Homepage Projects Music Experience

Predicting song genre with Spotify Metadata

This project presents an AdaBoost model to predict the genre of music given Spotify song features. The model was able to achieve above .78 area under receiver-operating characteristic scores for all classes, and above .9 for more than half of the classes.

Methodology

The data consists of 50000 data points, with 10 genres containing 5000 points each. A train-test split of 9:1, with the split calculated separately for each class.

The data was not fully numeric and had missing values, so data preparation was necessary. The artist name and track name features were converted into features that represented the length of the artist and track names. Additionally, a predictor was extracted from the track name that was 1 if the name included ‘feat.’ (meaning the song had a feature), and 0 if not. The key column was converted from strings of the root of the scale to a number (12 total, for the 12 tone scale system). The mode column was converted to two columns denoting major and minor, a 1-hot encoding of the original. The tempo column was missing several values, so these were set to 0 as this would allow these data points to be used. From my domain knowledge of music, tempo should be a good predictor of genre, so I set missing values to 0 so the model might learn that a 0-tempo has no correlation with genre, instead of an average tempo confusing the model.

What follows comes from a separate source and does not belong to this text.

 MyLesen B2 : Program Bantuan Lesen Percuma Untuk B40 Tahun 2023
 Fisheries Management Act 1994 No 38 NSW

Once numeric, all the data was normalized with 0-mean and unit variance. Dimensionality reduction using PCA was attempted, but showed poor separation of classes.

I used the SKlearn AdaBoost model, with decision tree classifiers, a max depth of 1, 2000 estimators. 2000 estimators might be excessive, though it proved to have good performance and computational resources were not a concern.

Evaluation

The model performance is measured using AUROC as well as a confusion matrix.

Conclusions

AUROC was highest for Classical music. This correlates well with the instrumentation, as most other genres (besides anime) are either band music (Jazz, Alternative, Country, Blues, Rock) or electronic instrument music (Electronic, Rap, Hip-Hop). The confusion matrix illustrates how anime was mostly misclassified as Classical, though Classical had the highest true positive rate.

Additionally, with Rap and Hip-Hop having much overlap in terms of tradition, instrumentation, and artists, the model represented this closeness through their frequent confusion/misclassification.

Since the model generally represents confusion we might have on the human level of genre, it is a safe assessment that the model is an accurate predictor of genre, and it is probably near human-level performance.

The data did include features such as “key” which were represented in the western 12-tone system, which means the model is inherently western biased, and it should be explored how other tuning systems or diverse metrics might impact model performance. It is also worth scrutinizing how key was included but not time-signature.